Cinquante-cinq patients hospitalisés ont été randomisés en groupes de contrôle (appliquant la physiothérapie standard et les exercices de dextérité) et en groupes expérimentaux (appliquant la RVNI et les exercices de dextérité). 

Les deux groupes ont été subdivisés en groupes subaigus (moins de six mois après l’AVC) et chroniques (plus de six mois à quatre ans après l’AVC). 

Indicateurs 

Les tests standardisés suivants ont été appliqués au départ et deux semaines après la thérapie : Fugl-Meyer, échelle de Rankin modifiée, MIF, amplitudes articulaires, testing, échelle d’Ashworth modifiée, Functionnal Reach test. 

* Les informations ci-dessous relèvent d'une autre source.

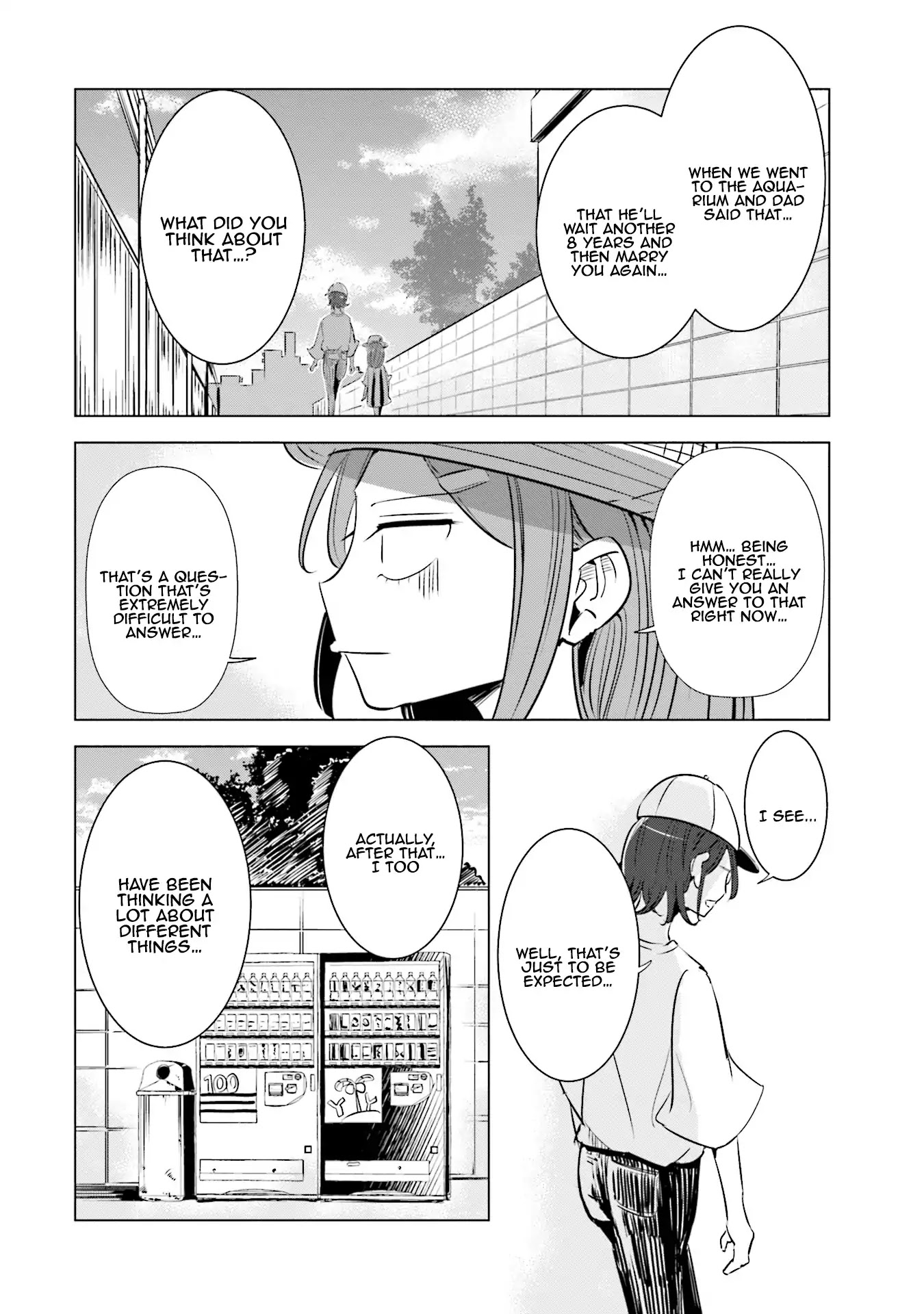 If My Wife Became an Elementary School Student Chapter 8 page 15 - Chapter 8
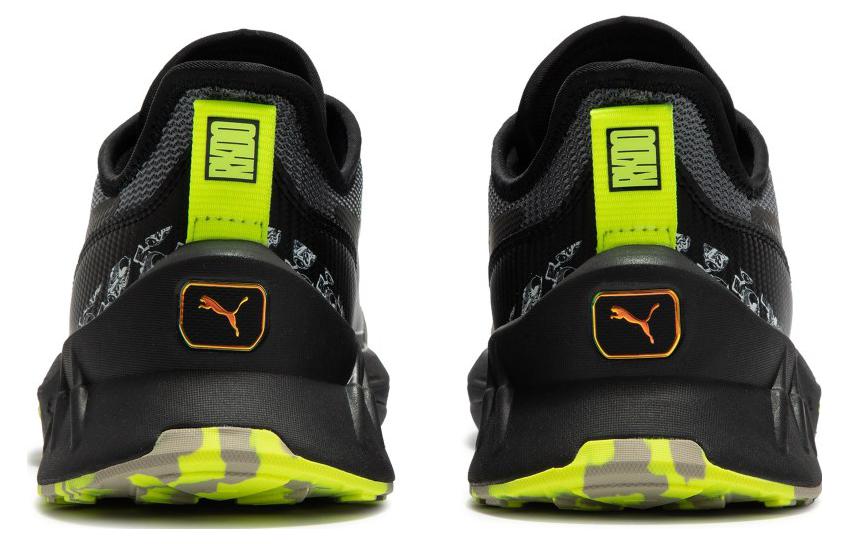 PUMA Maco SL x RKDO Esports 'Black Lime Squeeze' 307354-01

Des tests non-paramétriques ont permis de comparer les deux populations. 

Procédures & posologie

Les quatre groupes ont bénéficié d’une séance de thérapie de 60 minutes pour les membres supérieurs pendant dix jours. Les groupes de contrôle ont bénéficié quotidiennement d’un protocole de physiothérapie standard d’exercices tels que la mobilisation auto-passive, la mobilisation active bilatérale et la mobilisation active avec résistance, des exercices fonctionnels spécifiques à la tâche pour augmenter la capacité à effectuer des  activités de la vie quotidienne et des exercices de dextérité de la main (exercices d’ergothérapie), pour une durée totale de 60 minutes. 

Le programme des groupes expérimentaux comprenait 20 à 40 minutes de thérapie en RV (cette durée était fixée en fonction de la capacité du patient) associée à des exercices de dextérité (exercices d’ergothérapie), de sorte que chaque patient a effectué une heure d’entraînement des membres supérieurs par jour. 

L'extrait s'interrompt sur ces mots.